Activity:
For this exercise, output the entries below exactly from the line that holds "Rare Diseases Epidemiology: Update" to the line that holds "炒股在线配资 2025年7月5日全国主要批发市场红萝卜价格行情", both ends included. No pictures belong in the copy.
Information provided Start Marker
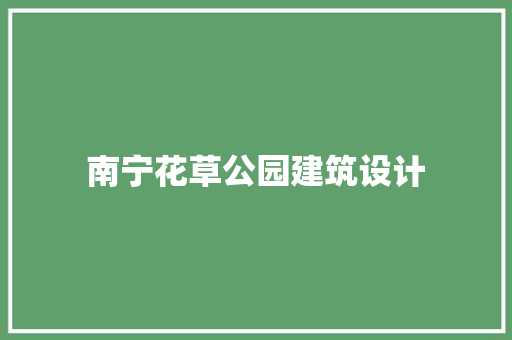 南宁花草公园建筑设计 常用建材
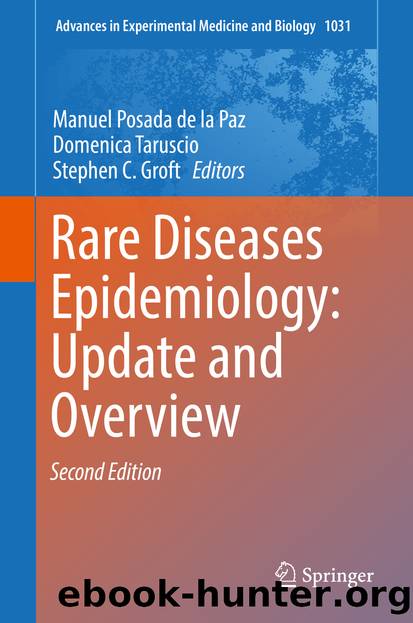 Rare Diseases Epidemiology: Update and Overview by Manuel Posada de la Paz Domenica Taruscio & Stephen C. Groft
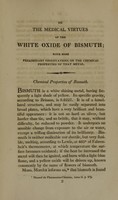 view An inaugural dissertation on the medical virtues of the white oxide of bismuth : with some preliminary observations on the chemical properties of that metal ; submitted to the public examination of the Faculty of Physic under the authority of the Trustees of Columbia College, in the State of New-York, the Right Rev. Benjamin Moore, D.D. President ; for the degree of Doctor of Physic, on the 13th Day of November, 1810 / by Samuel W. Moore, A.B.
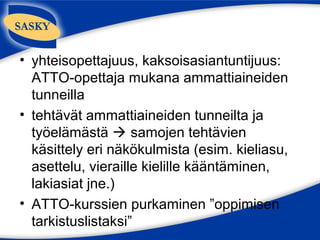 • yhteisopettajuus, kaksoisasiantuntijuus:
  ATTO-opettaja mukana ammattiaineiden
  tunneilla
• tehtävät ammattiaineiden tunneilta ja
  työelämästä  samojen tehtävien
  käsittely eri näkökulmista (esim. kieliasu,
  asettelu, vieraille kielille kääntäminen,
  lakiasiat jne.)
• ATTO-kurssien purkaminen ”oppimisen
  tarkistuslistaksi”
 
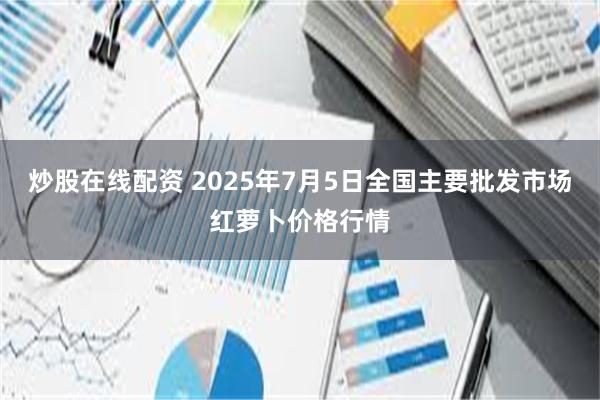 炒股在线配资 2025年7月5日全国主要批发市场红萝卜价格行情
Information provided End Marker
Information provided Start Marker
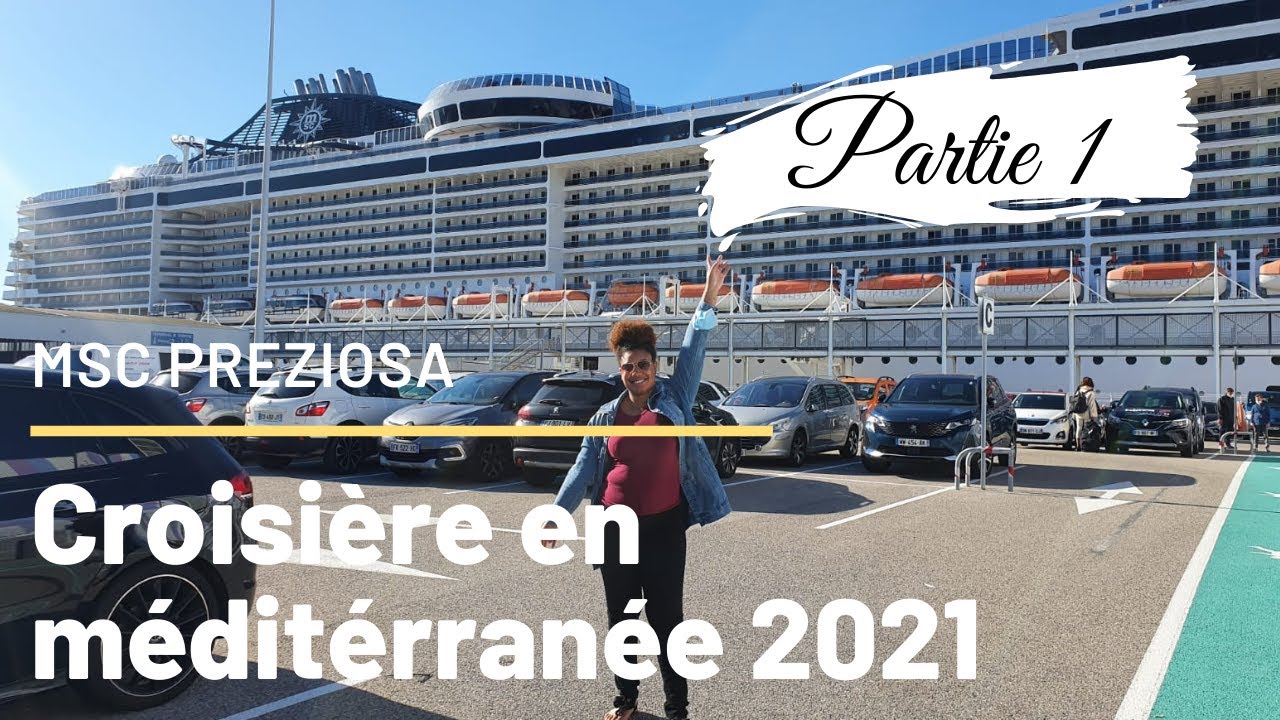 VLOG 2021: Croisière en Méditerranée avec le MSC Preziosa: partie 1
Information provided End Marker
Information provided Start Marker
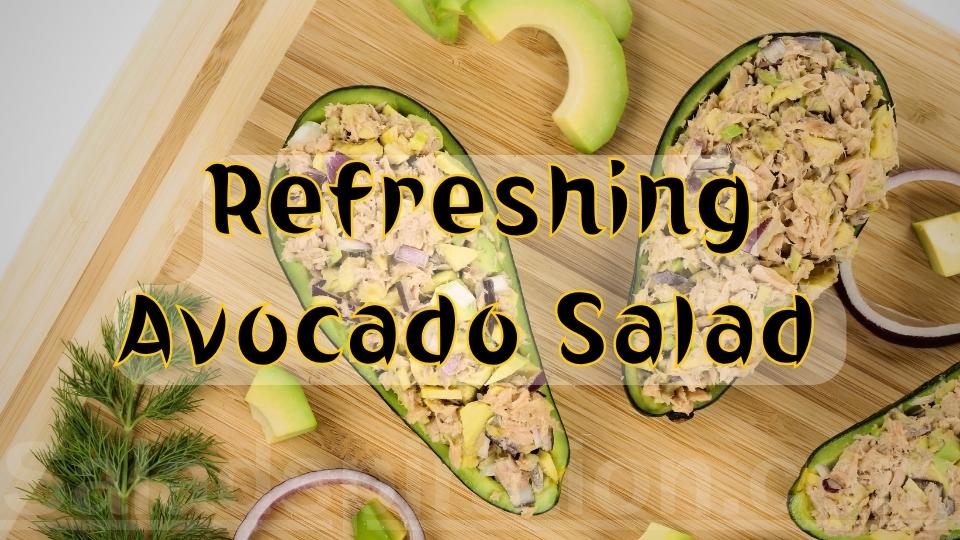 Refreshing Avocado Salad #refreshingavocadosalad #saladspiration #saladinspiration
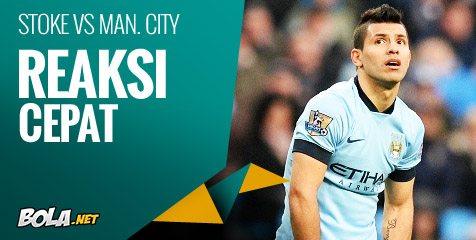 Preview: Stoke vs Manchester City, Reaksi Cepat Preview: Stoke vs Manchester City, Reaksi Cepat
Information provided End Marker
Response area:
 Rare Diseases Epidemiology: Update and Overview by Manuel Posada de la Paz Domenica Taruscio & Stephen C. Groft
 view An inaugural dissertation on the medical virtues of the white oxide of bismuth : with some preliminary observations on the chemical properties of that metal ; submitted to the public examination of the Faculty of Physic under the authority of the Trustees of Columbia College, in the State of New-York, the Right Rev. Benjamin Moore, D.D. President ; for the degree of Doctor of Physic, on the 13th Day of November, 1810 / by Samuel W. Moore, A.B.
 • yhteisopettajuus, kaksoisasiantuntijuus:
  ATTO-opettaja mukana ammattiaineiden
  tunneilla
• tehtävät ammattiaineiden tunneilta ja
  työelämästä  samojen tehtävien
  käsittely eri näkökulmista (esim. kieliasu,
  asettelu, vieraille kielille kääntäminen,
  lakiasiat jne.)
• ATTO-kurssien purkaminen ”oppimisen
  tarkistuslistaksi”
 
 炒股在线配资 2025年7月5日全国主要批发市场红萝卜价格行情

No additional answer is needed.